→ **YOUR ASSIGNMENT**: Leaving out every picture, copy the lines of the material below exactly, from the line containing "Nike Tampa Bay" through the line containing "Boston Terrier Dog Runder Aufkleber (Tasche)".
MATERIALS PROVIDED below:
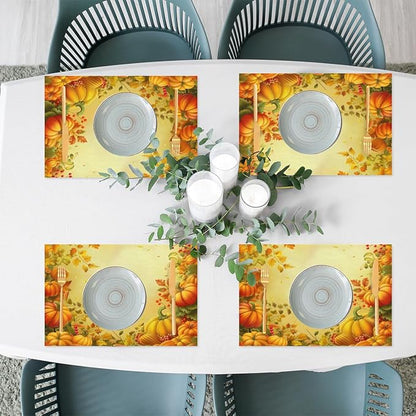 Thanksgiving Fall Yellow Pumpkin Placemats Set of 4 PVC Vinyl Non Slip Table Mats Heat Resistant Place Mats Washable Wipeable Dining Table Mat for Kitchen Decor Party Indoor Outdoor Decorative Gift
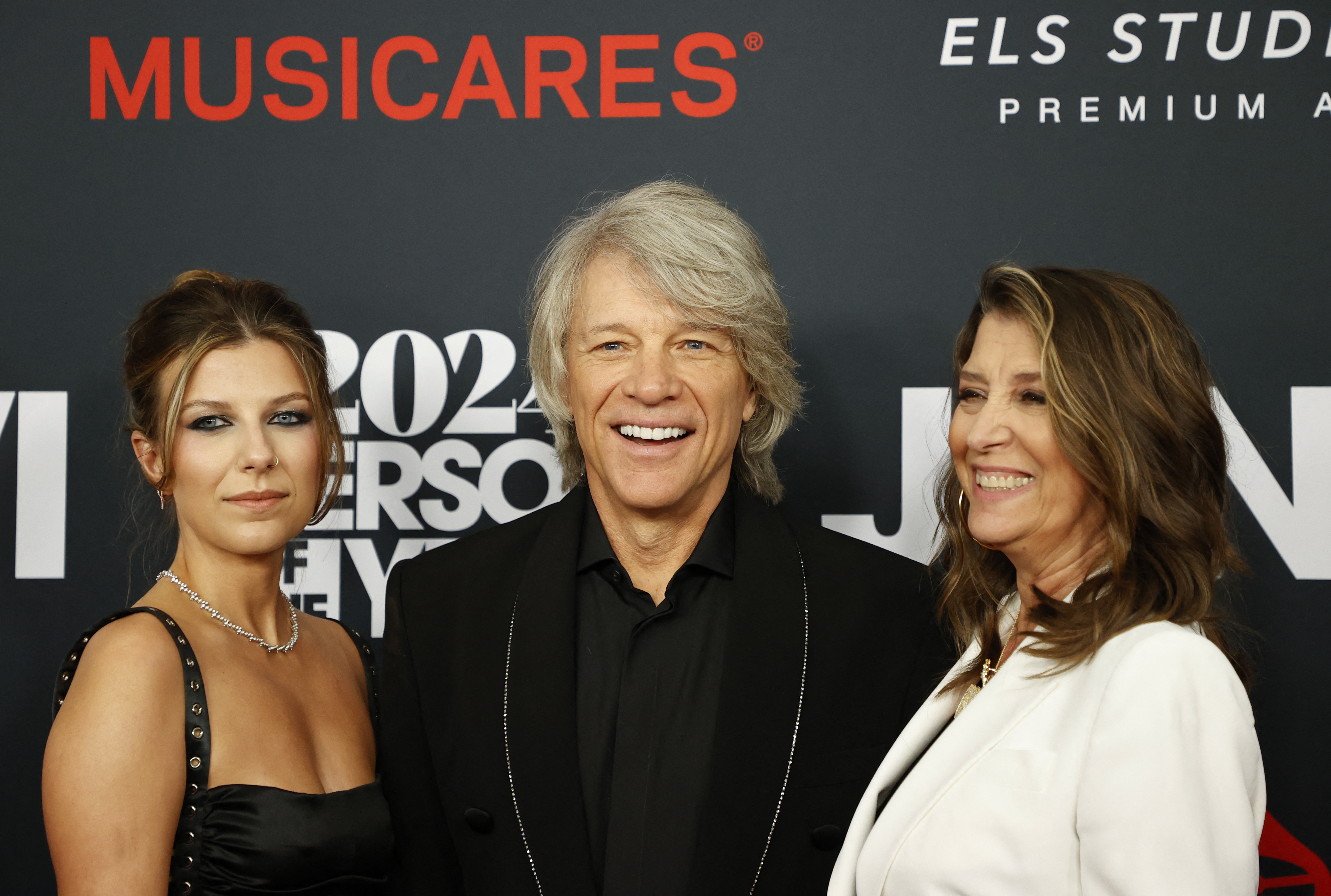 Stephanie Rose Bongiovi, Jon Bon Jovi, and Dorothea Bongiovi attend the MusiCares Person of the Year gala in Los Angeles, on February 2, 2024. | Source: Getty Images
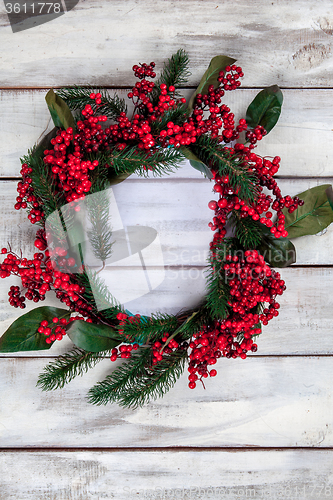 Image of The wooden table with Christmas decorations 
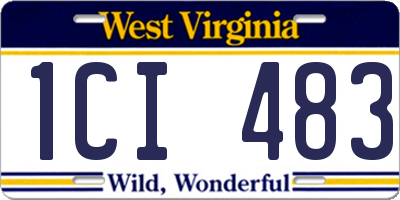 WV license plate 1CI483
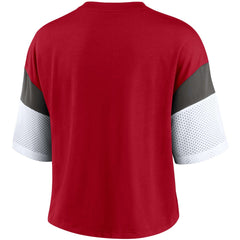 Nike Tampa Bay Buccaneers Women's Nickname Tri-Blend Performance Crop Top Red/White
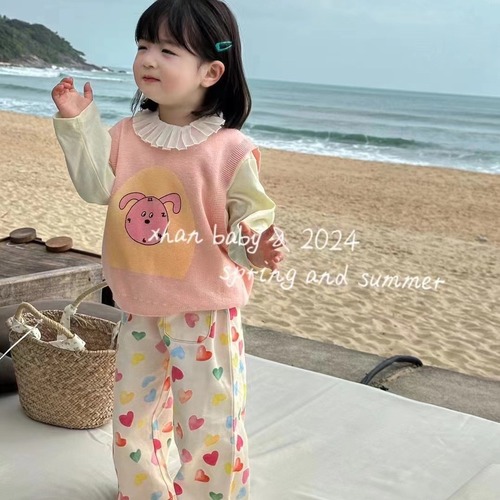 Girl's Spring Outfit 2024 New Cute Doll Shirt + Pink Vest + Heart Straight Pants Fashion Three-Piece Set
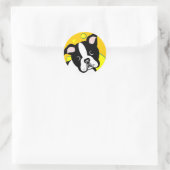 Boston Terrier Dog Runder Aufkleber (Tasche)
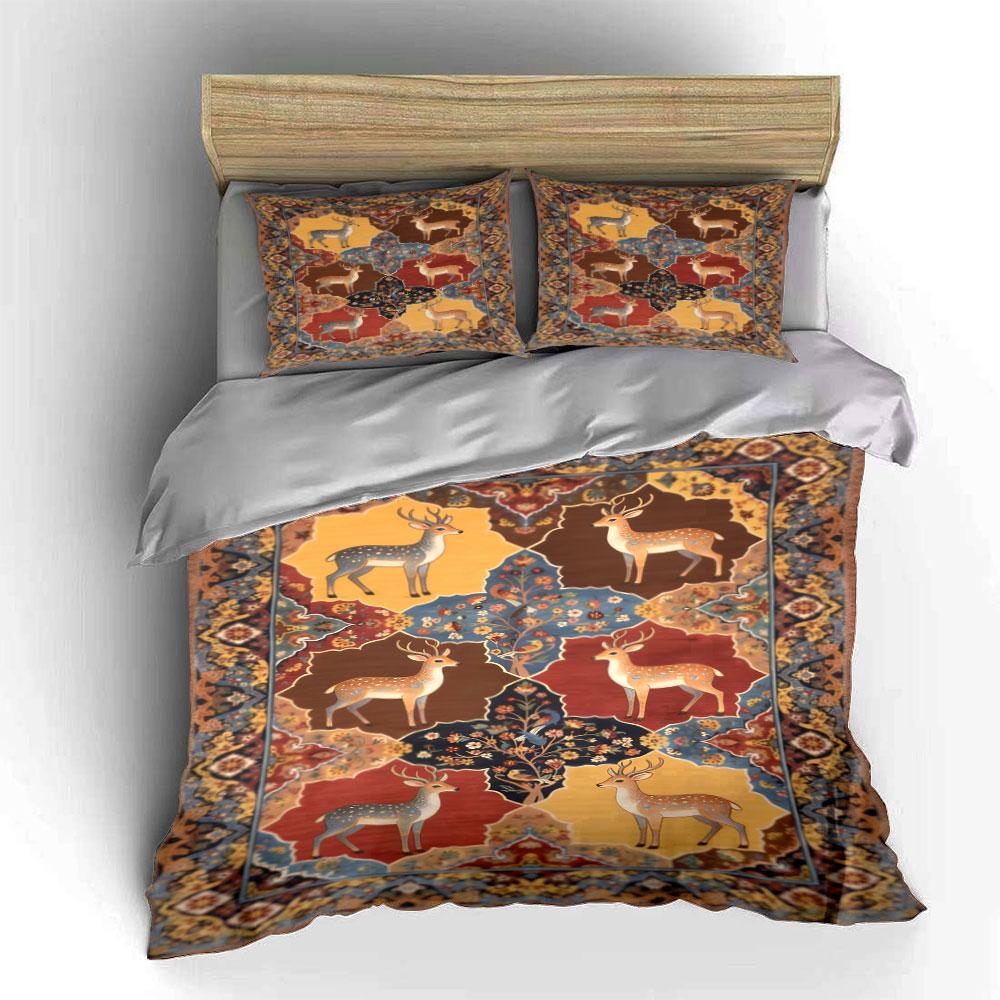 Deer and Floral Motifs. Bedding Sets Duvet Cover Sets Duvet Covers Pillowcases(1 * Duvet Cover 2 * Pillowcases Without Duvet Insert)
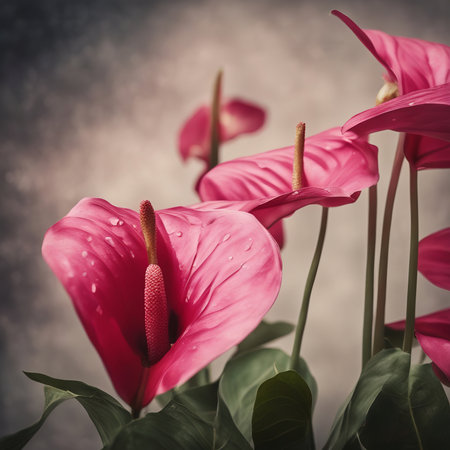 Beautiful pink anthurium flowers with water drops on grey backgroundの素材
End of MATERIALS PROVIDED.
→ **ANSWER SPACE**:
 Nike Tampa Bay Buccaneers Women's Nickname Tri-Blend Performance Crop Top Red/White
 Girl's Spring Outfit 2024 New Cute Doll Shirt + Pink Vest + Heart Straight Pants Fashion Three-Piece Set
 Boston Terrier Dog Runder Aufkleber (Tasche)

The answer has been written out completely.